### The problem
As you work through the listing below, copy each line exactly and drop the images.

### Exercise data
● ● ● ● ●

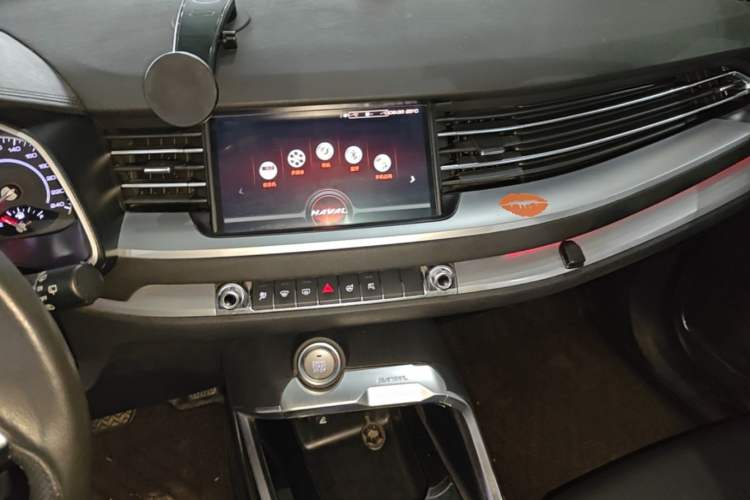 Used Haval H6 2017 Red-Label 1.3T Automatic Two-Wheel Drive ZhiShang Model Audio And AC Panel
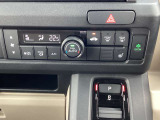 オートエアコンなので操作簡単!運転席にはシートヒーターもあるので寒い時に重宝しますよ!
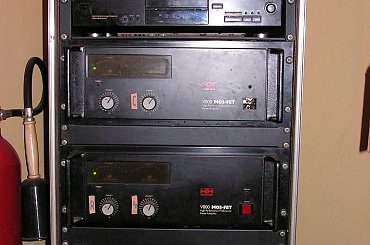 rack Dolby - na górze procesor CP-55, poniżej odtwarzacz CD i wzmacniacze mocy #kino #sopot #KinoBaltyk #projekcja #projektor #kinotechnika #kinooperator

● ● ● ● ●

### Task solution
 Used Haval H6 2017 Red-Label 1.3T Automatic Two-Wheel Drive ZhiShang Model Audio And AC Panel
 オートエアコンなので操作簡単!運転席にはシートヒーターもあるので寒い時に重宝しますよ!
 rack Dolby - na górze procesor CP-55, poniżej odtwarzacz CD i wzmacniacze mocy #kino #sopot #KinoBaltyk #projekcja #projektor #kinotechnika #kinooperator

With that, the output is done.